El estilo de Feijóo habilita al PP para pescar en el caladero de votos del PSOE. Hay socialistas que no entienden como el actual Gobierno ha asumido sin pestañear planteamientos de Podemos y ERC y ven natural entregar su papeleta a Feijóo. El PSOE intentará retenerlos diciendo que votar al PP es entregarse a Vox. Ese va a ser su principal argumento en las elecciones andaluzas, donde se va a probar si la apelación al miedo a la ultraderecha retiene el voto en el PSOE o impulsa al PP.

Mientras, Vox sigue con su estrategia de atraer a grandes colectivos cabreados con el Gobierno, algo que antes era monopolio de Podemos, organización que nació del movimiento de protesta del 15 de mayo de 2011. Tres años después sacaron cinco eurodiputados y en 2016 se plantaron en el Congreso con 71 diputados, a costa del PSOE. Hoy, ambos caen sin remedio. En las últimas elecciones sumaron 155 diputados, que las encuestas dejan ahora en alrededor de 130.

El partido de Santiago Abascal tiene ya 57 escaños, forma parte de la coalición de Gobierno de Castilla y León y ha encontrado en el mundo rural su particular 15-M. El pasado 20 de marzo hubo en Madrid una manifestación en la que participaron 150.000 personas vinculadas con el campo, según la Delegación del Gobierno (PSOE). Su éxito está ligado, además de a organizaciones agrarias como ASAJA, vinculada al PP, a la implicación de las federaciones de cazadores, donde Vox tiene predicamento. Según pudo comprobar El País, 1.185 autobuses de los 1.400 que se fletaron para llevar manifestantes a Madrid fueron pagados por las federaciones de caza de Andalucía, Extremadura, Valencia, Castilla-La Mancha y Castilla y León.

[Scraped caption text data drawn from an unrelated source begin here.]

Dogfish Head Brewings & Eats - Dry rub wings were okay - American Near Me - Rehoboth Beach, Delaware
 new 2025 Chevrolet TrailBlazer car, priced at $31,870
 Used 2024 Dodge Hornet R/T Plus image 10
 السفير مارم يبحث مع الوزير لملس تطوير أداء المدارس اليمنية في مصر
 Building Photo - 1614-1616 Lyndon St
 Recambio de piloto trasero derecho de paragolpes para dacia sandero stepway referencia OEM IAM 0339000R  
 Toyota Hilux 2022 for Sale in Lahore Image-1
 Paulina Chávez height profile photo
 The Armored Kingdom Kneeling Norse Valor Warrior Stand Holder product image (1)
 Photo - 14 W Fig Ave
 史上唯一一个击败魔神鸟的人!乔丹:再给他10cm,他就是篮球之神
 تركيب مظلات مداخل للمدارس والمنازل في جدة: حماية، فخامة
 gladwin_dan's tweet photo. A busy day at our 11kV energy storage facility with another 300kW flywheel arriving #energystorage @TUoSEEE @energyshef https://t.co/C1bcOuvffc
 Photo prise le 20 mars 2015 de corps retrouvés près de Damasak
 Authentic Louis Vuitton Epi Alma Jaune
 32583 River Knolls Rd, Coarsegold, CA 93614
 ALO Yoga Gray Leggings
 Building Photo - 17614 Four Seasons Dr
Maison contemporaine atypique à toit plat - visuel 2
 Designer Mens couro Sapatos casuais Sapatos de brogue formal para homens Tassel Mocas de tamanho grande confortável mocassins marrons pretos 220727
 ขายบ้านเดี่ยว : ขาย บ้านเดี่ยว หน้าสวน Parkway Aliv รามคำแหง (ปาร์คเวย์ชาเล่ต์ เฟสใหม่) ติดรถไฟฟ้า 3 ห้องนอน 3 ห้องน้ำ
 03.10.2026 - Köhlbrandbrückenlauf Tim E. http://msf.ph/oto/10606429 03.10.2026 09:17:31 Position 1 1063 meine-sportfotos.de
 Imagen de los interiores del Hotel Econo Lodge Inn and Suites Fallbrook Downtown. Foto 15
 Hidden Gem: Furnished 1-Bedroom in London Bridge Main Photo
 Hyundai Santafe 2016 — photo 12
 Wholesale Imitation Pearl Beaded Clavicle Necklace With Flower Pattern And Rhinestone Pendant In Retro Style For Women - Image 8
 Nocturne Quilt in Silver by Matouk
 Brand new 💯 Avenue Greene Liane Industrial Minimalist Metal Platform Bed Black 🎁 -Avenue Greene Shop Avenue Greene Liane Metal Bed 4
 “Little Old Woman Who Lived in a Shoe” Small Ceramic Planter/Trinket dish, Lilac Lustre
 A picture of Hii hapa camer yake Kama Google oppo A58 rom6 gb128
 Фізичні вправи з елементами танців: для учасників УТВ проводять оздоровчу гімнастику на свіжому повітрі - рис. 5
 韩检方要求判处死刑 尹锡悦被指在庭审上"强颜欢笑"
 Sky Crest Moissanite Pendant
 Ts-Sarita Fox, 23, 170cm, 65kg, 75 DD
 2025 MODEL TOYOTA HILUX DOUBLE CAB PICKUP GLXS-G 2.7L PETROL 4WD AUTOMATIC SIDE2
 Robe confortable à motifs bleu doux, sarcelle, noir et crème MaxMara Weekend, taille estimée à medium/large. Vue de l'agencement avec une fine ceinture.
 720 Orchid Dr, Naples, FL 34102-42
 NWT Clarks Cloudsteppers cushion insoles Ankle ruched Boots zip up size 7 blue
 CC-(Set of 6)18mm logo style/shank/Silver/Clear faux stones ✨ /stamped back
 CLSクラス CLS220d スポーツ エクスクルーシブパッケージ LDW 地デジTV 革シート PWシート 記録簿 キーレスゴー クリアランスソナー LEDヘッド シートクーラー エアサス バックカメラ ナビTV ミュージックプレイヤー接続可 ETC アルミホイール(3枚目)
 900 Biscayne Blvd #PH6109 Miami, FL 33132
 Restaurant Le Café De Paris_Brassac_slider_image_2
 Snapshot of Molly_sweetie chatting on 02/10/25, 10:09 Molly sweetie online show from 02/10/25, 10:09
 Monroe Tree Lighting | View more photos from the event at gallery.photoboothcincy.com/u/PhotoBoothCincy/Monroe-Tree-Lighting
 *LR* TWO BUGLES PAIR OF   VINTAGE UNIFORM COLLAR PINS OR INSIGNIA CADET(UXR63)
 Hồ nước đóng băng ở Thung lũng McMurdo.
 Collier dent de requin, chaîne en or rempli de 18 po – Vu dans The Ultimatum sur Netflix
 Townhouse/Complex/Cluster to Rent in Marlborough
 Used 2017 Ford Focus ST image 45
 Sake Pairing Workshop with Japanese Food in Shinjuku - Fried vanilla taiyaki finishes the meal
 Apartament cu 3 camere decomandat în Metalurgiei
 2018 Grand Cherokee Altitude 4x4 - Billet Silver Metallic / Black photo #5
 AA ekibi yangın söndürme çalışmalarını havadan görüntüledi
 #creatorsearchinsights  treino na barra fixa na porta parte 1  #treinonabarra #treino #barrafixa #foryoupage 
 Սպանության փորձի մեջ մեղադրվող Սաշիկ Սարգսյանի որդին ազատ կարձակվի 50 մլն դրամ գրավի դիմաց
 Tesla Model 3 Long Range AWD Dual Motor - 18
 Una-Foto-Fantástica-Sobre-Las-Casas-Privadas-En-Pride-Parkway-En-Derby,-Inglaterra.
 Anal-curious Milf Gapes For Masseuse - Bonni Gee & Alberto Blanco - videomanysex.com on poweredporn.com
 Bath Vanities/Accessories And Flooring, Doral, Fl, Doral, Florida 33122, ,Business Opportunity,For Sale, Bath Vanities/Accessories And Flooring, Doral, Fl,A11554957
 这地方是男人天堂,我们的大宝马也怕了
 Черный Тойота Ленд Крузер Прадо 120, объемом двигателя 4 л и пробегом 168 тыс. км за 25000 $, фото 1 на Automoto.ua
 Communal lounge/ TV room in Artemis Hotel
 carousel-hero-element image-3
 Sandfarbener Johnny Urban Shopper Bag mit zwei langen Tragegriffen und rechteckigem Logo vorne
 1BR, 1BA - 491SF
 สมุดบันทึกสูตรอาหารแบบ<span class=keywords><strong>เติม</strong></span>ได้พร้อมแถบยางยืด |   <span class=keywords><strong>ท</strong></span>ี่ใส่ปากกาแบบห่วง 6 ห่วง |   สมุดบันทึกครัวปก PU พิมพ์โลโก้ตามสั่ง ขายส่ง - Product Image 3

El precedente de esta concentración es el 31 de marzo de 2019, la gran manifestación de la España vacía, que concentró a 50.000 personas en Madrid. Esta movilización fue especialmente organizada por Teruel Existe y Soria Ya. Seis meses después, los primeros fueron los más votados en su provincia y obtuvieron un diputado y dos senadores. Pasados tres años, los segundos son los más votados en Soria y cuentan con tres escaños en las Cortes de Castilla y León.

La concentración del mes pasado movilizó al triple de personas de hace tres años, pero al Gobierno le costó entenderlo y tardó más de una semana en anunciar un paquete de medidas y lo hizo para levantar el paro de los camioneros, no por el campo. Ha sido después, cuando Juanma Moreno ha convocado las elecciones andaluzas para el 19 de junio, cuando en el bloque de izquierdas, especialmente en el PSOE, se han dado cuenta de que están perdiendo el voto del campo de manera absurda.

Resulta inaudito que el partido más contrario a la pertenencia de España a la Unión Europea y el más xenófobo sea la formación emergente en los pueblos, cuya economía depende de la Política Agraria Común y de la mano de obra de los inmigrantes. Esto sólo se entiende por la inconsistencia del gobierno y el oportunismo de Vox.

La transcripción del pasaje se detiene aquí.